Bear’s Birthday, 0 7445 0255 1,
and
Make a Face, 0 7445 0252 7, £1.95 each
are just two of the first batch which should leave us shouting for more. Controlled vocabulary? Picture to text correspondence?: Repetitive text? Predictable story line? Narrative shape? It’s all here – along with abundant verbal and visual inventiveness and imagination. Lots of fun for all involved.
There Was an Old Woman, Stephen Wyllie and Maureen Roffey, Methuen, 0 416 53200 4, £5.95′ –
A new approach to flap books to involve and support the developing reader. The story of the old woman in the little white house is full of repeated words and phrases which consistently appear on the outside of little flaps. Under the flap is a picture to illustrate the word(s) above. The clever part is that the pictures change to fit the particular meaning of the context – so we see the `old woman’, the `marmalade cat’, the `green shed’ etc. as appropriate to the meaning of the story at that point. An ingenious way to involve readers with books and to illustrate what happens when we read.

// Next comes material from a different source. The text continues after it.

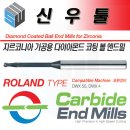 신우툴스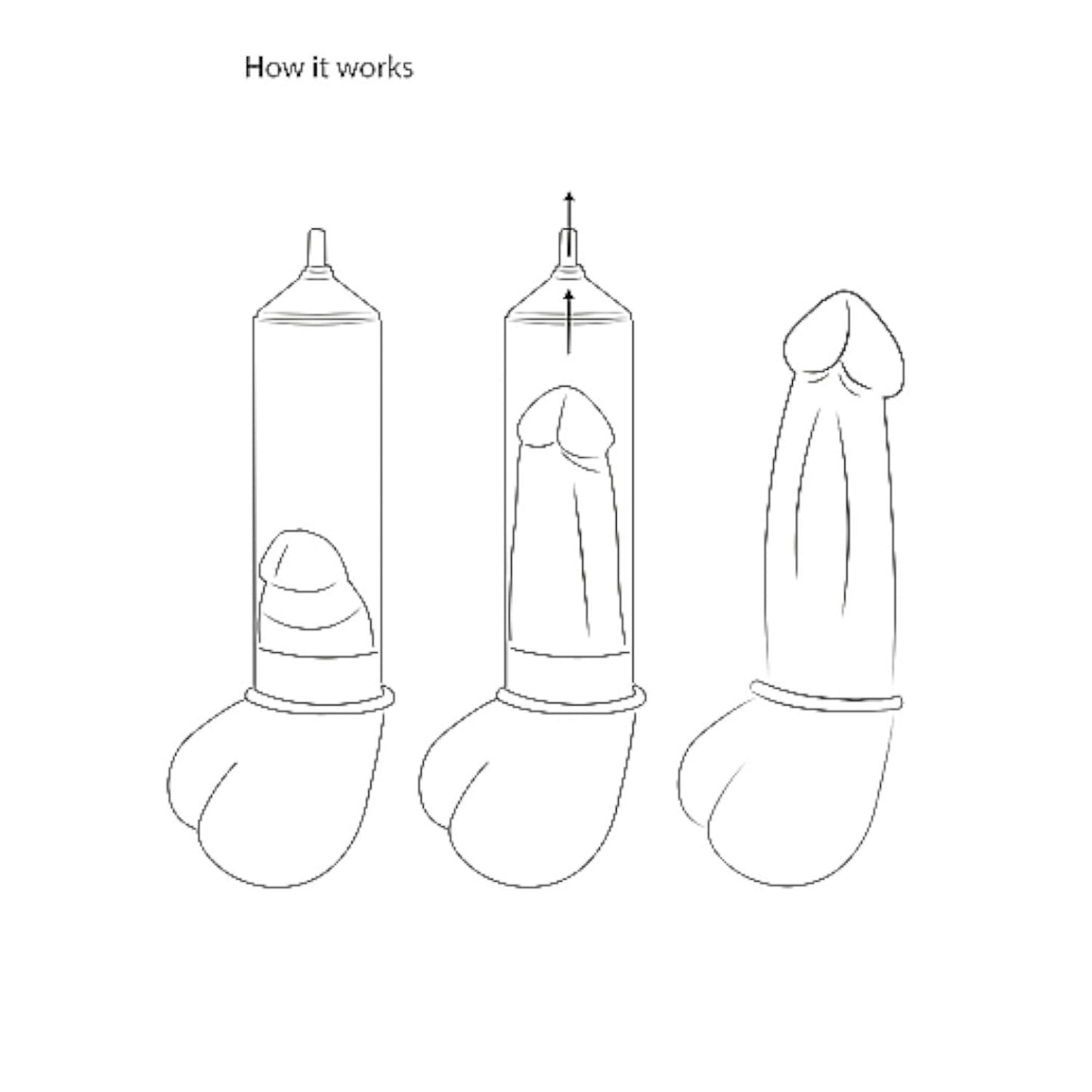 Shots Pumped Automatic Cyber Pump with Masturbation Sleeve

Just to show we’re not afraid of stereotypes (or realism?) here’s one for the girls.
Opening Night, Rachel Isadora, Angus & Robertson, 0 207 15150 4, £4.95
A ballet story par excellence to delight any aspiring dancer. Large soft focus pictures accompany a simple text which tells the story of Heather’s first professional appearance. Lots of backstage detail. Very romantic but immensely satisfying for the right reader.

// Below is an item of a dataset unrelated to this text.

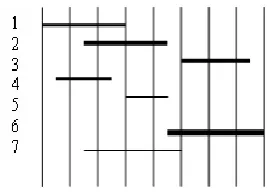 Figure 3: Interval representation 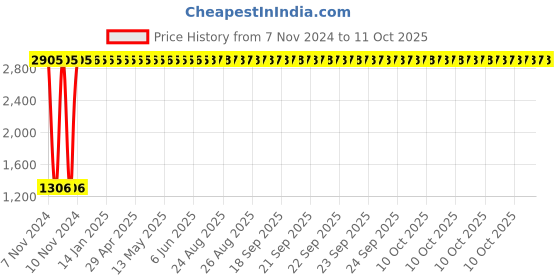 moglix.com Oleanna Metro 2 in 1 Angle Faucet, MT-06 oleanna Price History Graph from 7 Nov 2024 to 10 Oct 2025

Robert the Great, 0 7445 0355 8
Robert and the Red Balloon, 0 7445 0356 6 Philippe Dupasquier, Walker, £3.95 each
The first two titles to feature Robert who deserves to become an established favourite with his own series. He’s the stereotypical (archetypal?) boy with a stupendously messy bedroom. In the first of these two books Robert embarks on a determined and spectacular rebellion against being addressed as `little’, but Dupasquier has a neat turnaround in store for the reader. In Red Balloon Robert is bored but his balloon takes him on an imaginative journey and brings him a friend. Tidy storylines and short manageable texts with helpful speech bubbles, but the chief pleasure is in the detailed, crowded pictures where there always seems to be more to find and enjoy.

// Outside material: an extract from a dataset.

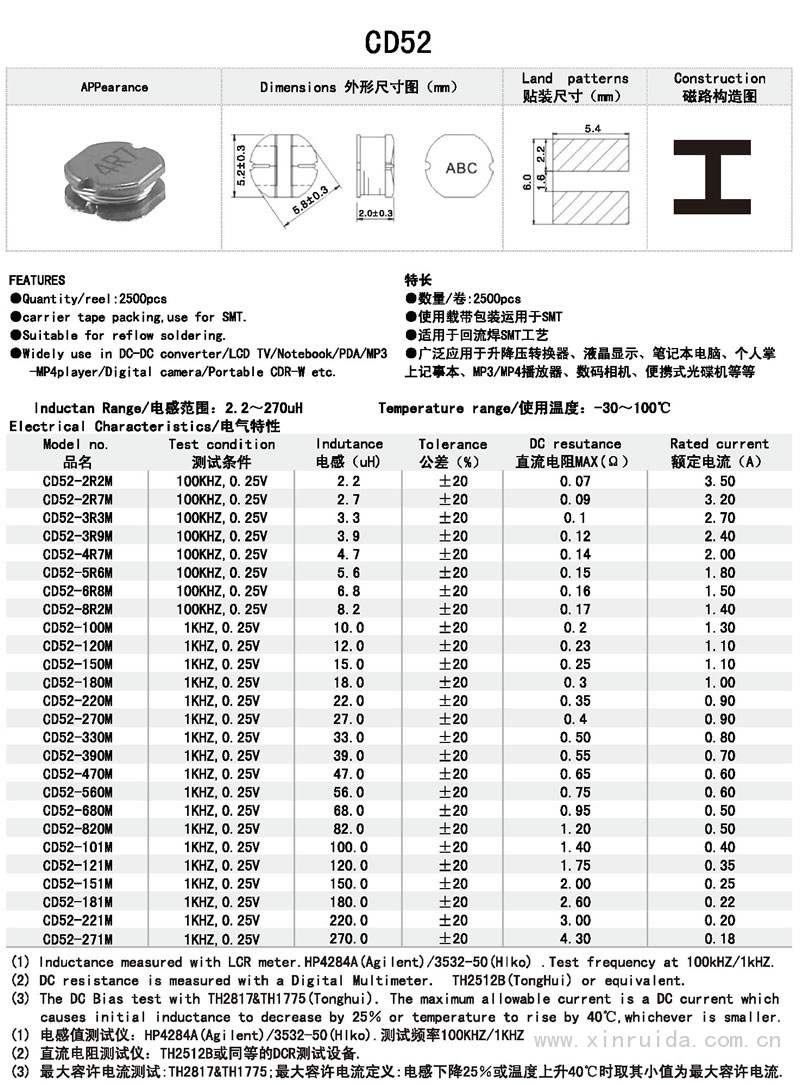 芯瑞達電子,CD52電感,貼片電感,功率電感,繞線電感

The Giraffe and the Pelly and Me, Roald Dahl and Quentin Blake, Cape, 0 224 02999 1, £5.95,
Dahl at his inventive best again and Blake responding in similar vein. A long text but the extra large page size leaves the pictures room to make their contribution even within the standard 32-page format. Young Billy tells the story of the Ladderless Window Cleaning Company monkey, giraffe and pelican – and how he, and they, meet the Duke of Hampshire – the richest man in England. Several adventures later Billy ends up with his heart’s desire – his very own sweet shop, stocked of course from the great Wonka factory.
A real treasure house is
The Kingfisher Book of Children’s Poetry, selected by Michael Rosen, Kingfisher, 0 86272 155 5, £5.95
An interesting mixture – put in your thumb and you’ll likely come up with a plum and it probably won’t be an over familiar old favourite either. Mike Rosen has ranged over time and space for this collection which in the manner of The Rattle Bag he has organised alphabetically by author with only Ballads, Limericks, Riddles, Nonsense and Boasts separated out by form at the end. One quibble – what a pity the full colour plates are located away from the poems they illustrate.
and another for fun
The Great Games Book, A & C Black, 0 7136 2741 7, £5.95
Fourteen board games devised and illustrated by well-known illustrators. Play (or read!) ‘ the Amazing J Slingsby Grebe Gold Medal for Utter Brilliance Game by Quentin Blake and. John Yeoman, or Bumbledon, Tony Ross’s clever variation on Wimbledon. Enjoy Ludo in the formal elegance of a great garden as designed by Angela Barrett, or pick your way through Satoshi Kitamura’s maze to find Cheese! Lots of fun and a delightful way to become acquainted with some of our major illustrators.